In Srifa, a Hezbollah official said that the party would offer an initial $10,000 payment to residents to help pay for the year of rent, buy new furniture, and help feed families.
In Taibe, a town where fighting was so heavy that large chunks were missing from walls and buildings were sprayed with bullets, the Audi family looked woefully at their windowless, bullet-and-shrapnel-torn house. Two Hezbollah volunteers stood by.
Hezbollah also has its own ambulance service. In Bint Jbail, Hezbollah ambulances - large, new GMC vehicles with flashing lights on the top - ferried bodies of fighters, brought out of mountains of rubble, to their graves.
Hezbollah's reputation as an efficient grass-roots social service network - as opposed to the government, regarded by many here as sleek men in suits doing well - was in evidence everywhere. ...
... Hezbollah's strength, said Amal Saad-Ghorayeb, a professor at the Lebanese American University who has written extensively about the organization, derives in large part from what she called "the gross vacuum left by the state."
Hezbollah was not a state within a state, she said, but "a state within a nonstate, actually."
Nasrallah said in his speech that "the brothers in the towns and villages will turn to those whose homes are badly damaged and help rebuild them. Today is the day to keep up our promises.
"All our brothers will be in your service starting tomorrow," he continued.
Some southern towns were so damaged that residents had not yet begun to return. A fighter for the Amal Movement, another Shiite militia group, said he had been told that Hezbollah members would begin to catalogue damages in his town, Kafr Kila, on the Israeli border.
Hezbollah men also traveled door to door checking on residents and asking them what help they needed.
Although Hezbollah is a Shiite organization, Nasrallah's message resounded even with a Sunni Muslim, Ghaleb Jazi, 40, who works at an oil storage plant at Jiyeh, 24 kilometers, or 15 miles, south of Beirut. It was bombed by the Israelis and spewed pollution northward into the Mediterranean.
"The government may do some work on bridges and roads, but when it comes to rebuilding houses, Hezbollah will have a big role to play," he said. "Nasrallah said yesterday he would rebuild and he will come through."
Nasrallah's speech was interpreted by some on Tuesday as a kind of watershed in Lebanese politics establishing his party on an equal footing with the official government.
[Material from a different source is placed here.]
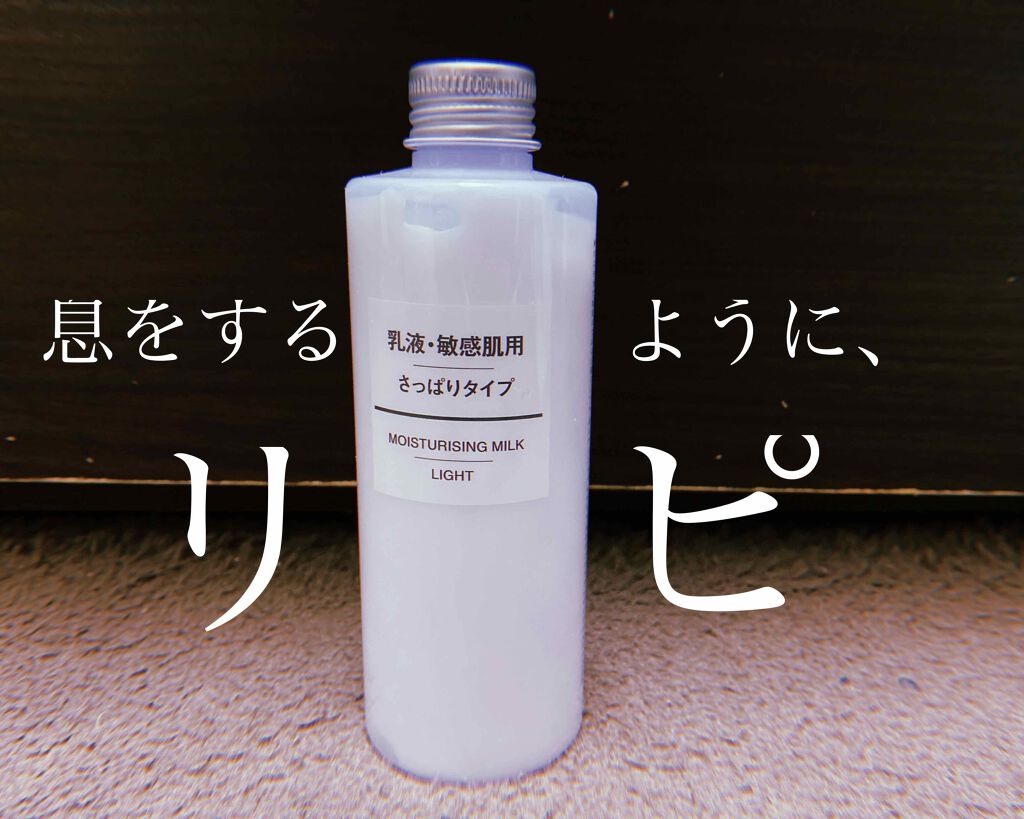 乳液・敏感肌用・さっぱりタイプ/無印良品/乳液を使ったクチコミ(2枚目)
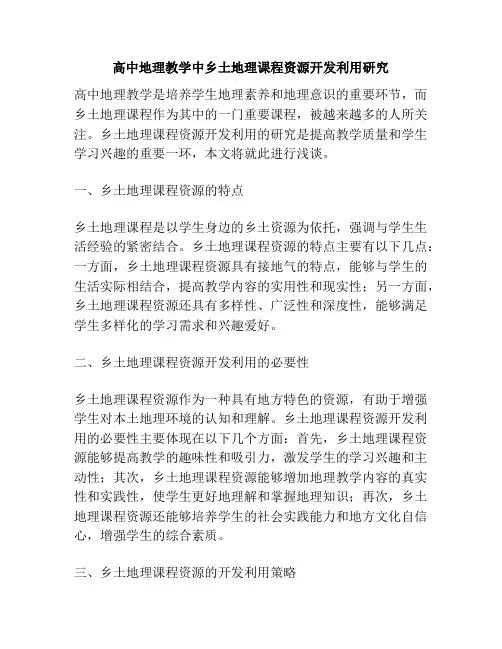 高中地理教学中乡土地理课程资源开发利用研究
"It was a coup d'état," said Jad al-Akjaoui, a political analyst aligned with the democratic reform bloc who was among the organizers of the anti-Syrian demonstrations after the assassination of former Prime Minister Rafik Hariri two years ago. Those demonstrations led to international pressure to rid the country of 15 years of Syrian control.
Yes, but they could not rid themselves of Hezbolah. And forget about the idea of a proxy fighting a war for Syria and Iran. Consider Hezbolah the new government of Lebanon. Nothing happens without their fingers in the gears. And this announcement handed down to the military to unite with Hezbollah to prevent any attacks from Israel is just the tip of the iceberg. Hezbollah now will act as a puppet controller over Lebanon. Any pressure from Assad will be levied on Lebanon until the government gives in.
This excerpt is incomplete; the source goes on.